テレビは「想定外」の部分にこそ楽しみがある。ドラマやバラエティ番組で、放送事故寸前まで世間を震わせたエピソードを、丹念に拾い上げてみよう。
まずはドラマ部門から。今なお再放送もソフト化もなく、至宝映像の決定版と呼べるのが「悪魔のKISS」(93年、フジテレビ系)で常盤貴子が魅せたワンシーンだ。芸能評論家の織田祐二氏によれば、第3話でカード地獄に陥った女子大生・茉莉子(常盤)は、性サービス嬢になって「惜しげもなく」ロケットバストを披露。「客役の寺脇康文に胸を揉みしだかれます」と振り返る。何でも、寺脇もノー肌着で来るとは思わなかったと驚いたようだとか。当時、常盤はインタビューで「茉莉子の役は誇りに思ってます」と意味深に語っている。実際、それまで無名だった常盤は一躍、注目の女優となった。本作は演出が厳しい監督だったようで、根性をバストトップで表したとも言われている。
今や地上波のドラマでマッパシーンは絶滅危惧種となったが、その最後の一矢と呼べるほど過激だったのが「失楽園」(97年、日本テレビ系)だ。
川島なお美(享年54)と古谷一行の愛欲シーンは、最高視聴率27.3%の原動力となり、最終回では「合体したまま毒ワインで昇天」という禁断のシーンに。絶命する瞬間、川島のバストトップがピンと勃っていたというのも女優根性か。さらに「前張りはしません」の決意で撮影を敢行したことも評価された。
遠藤憲一の初主演ドラマ「湯けむりスナイパー」(09年、テレビ東京系)では、ひなびた温泉宿が舞台である。第6話「お忍び旅行」では、有名俳優と不貞相手(@YOU)が野天風呂で一戦を交えている。この場面は、深夜ドラマとはいえ、ほぼ完全に「バックから合体」している姿がオンエア。女優の爆裂バストが揺れまくり、悩ましい声を上げ、まるで艶系ビデオのワンシーンを見るようであった。演出はのちに「モテキ」(11年、東宝)で大ヒットを飛ばす大根仁氏だが、さすが長澤まさみの胸揉みシーンを実現させた人物だけのことはある。
「14年に壇蜜の初主演ドラマとなった『アラサーちゃん』(テレ東系)は、サブタイトルに『無修正』の文字が入っただけあって、かなりの問題作」と織田氏。
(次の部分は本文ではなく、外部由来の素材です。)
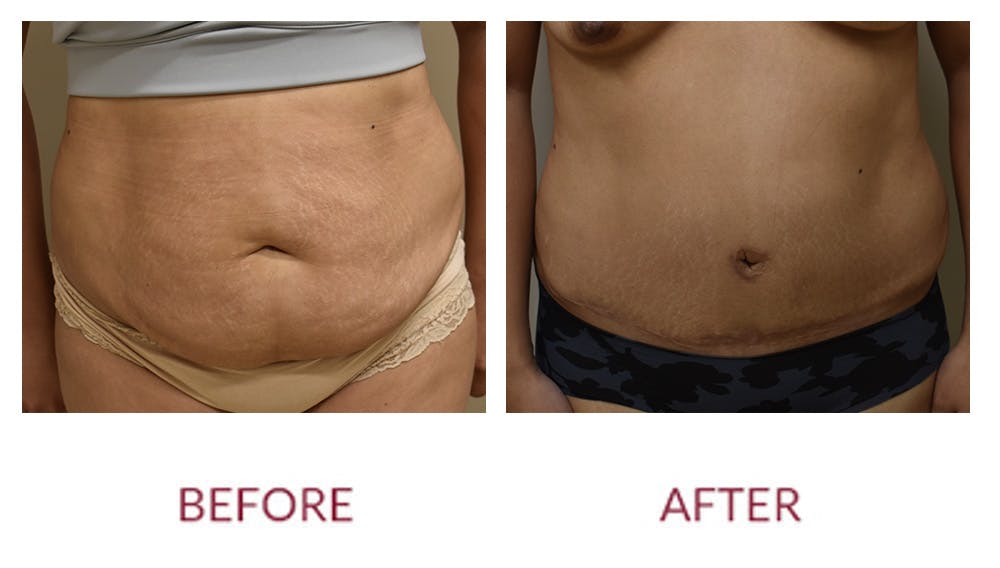Tummy Tuck Before & After Gallery - Patient 148429678 - Image 1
織田氏によれば、手で胸を隠しながら、艶系ビデオさながらの激しい馬乗り合体でファックで悶絶し、かなりの話題になったという。放送コードの限界に挑んだ名場面と言えよう。
ここからバラエティに目を転じれば、フジテレビ土曜8時の看板だった「めちゃ×2イケてるッ!」(96~18年)の人気コーナー「爆烈お父さん」では、加藤浩次がアイドルや女子アナをジャイアントスイングでブン回す荒業を見せた。
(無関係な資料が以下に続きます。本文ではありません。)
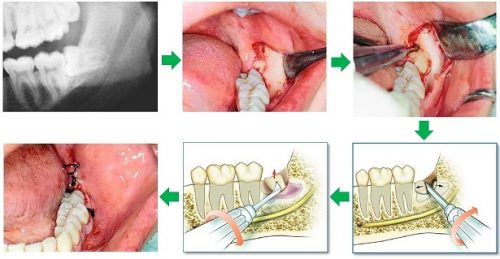Nhổ răng khôn hàm dưới có nhanh lành không? 2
このコーナーで最大級のアクシデントを起こしたのが、「パイレーツ」でブレイクした西本はるかだった。もともと胸元が開いた衣装だったが、加藤の激しい回転が加わって「バストトップが見えたんじゃ…」と、視聴者をザワつかせる大騒動になった。
グラドルという言葉を世に広めた優香は、デビューした98年に初めて激艶な“洗礼”を受けた。ビートたけし司会の人気番組「スーパージョッキー」(日テレ系)の1コマである。「水着に生着替えをして入る『熱湯コマーシャル』が人気でしたが」と振り返る織田氏に寄れば、何と、優香は司会の山田まりやに触られ、バストの洗い方の実演までさせられて「7分もの間、胸プルプルの状態」だったという。
「最初から水着なのに別の水着に生着替えさせられるという演出だった。日曜の昼間から当時17歳の女子高生だった優香をここまでイジるのだから、いい時代でしたね」(織田氏)
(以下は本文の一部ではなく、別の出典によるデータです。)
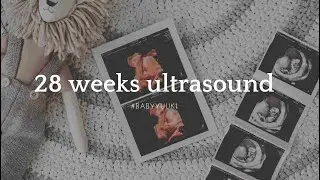 28 weeks ultrasound scan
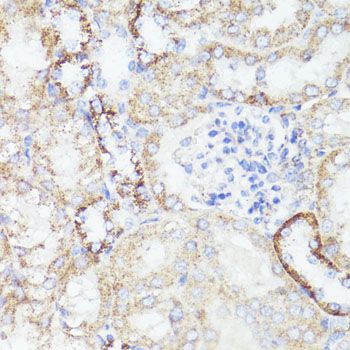 Immunohistochemistry - [KO Validated] ErbB2 Polyclonal Antibody (144-02071)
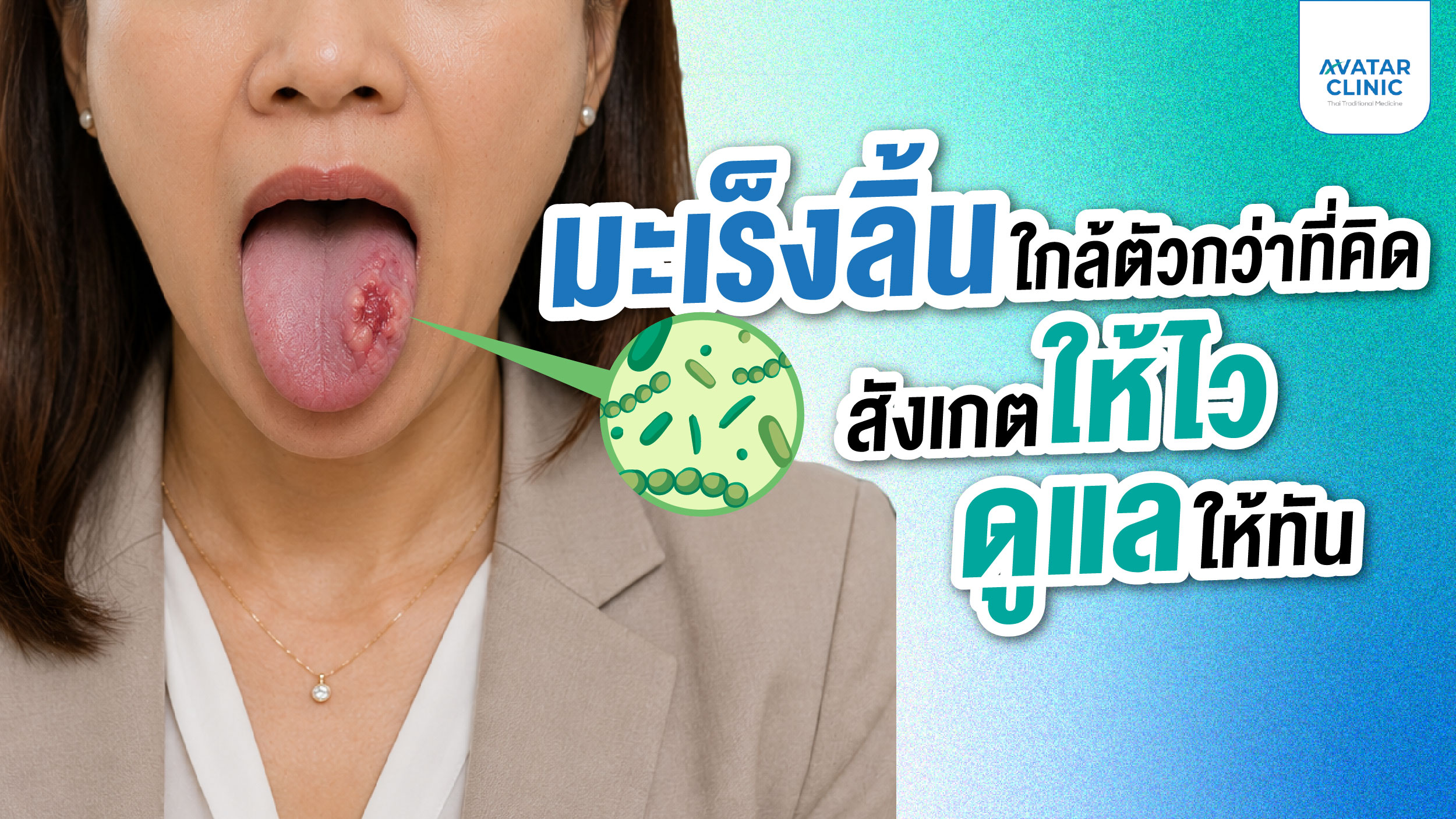 มะเร็งลิ้นใกล้ตัวกว่าที่คิด สังเกตให้ไว ดูแลให้ทัน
意外なところでは、女優の山口智子がひと肌脱いだことも。自身の企画・出演・プロデュースによる「手わざの細道」(07年、テレ東系)では、織田氏によると、“ノー肌着主義”と言われる山口が、番組で着用していた薄手のタンクトップ越しに、バストトップの“胸ポッチ”が「画面にはっきりと映りました」というような場面があったのだとか。どこかで映像を探してみてはいかが?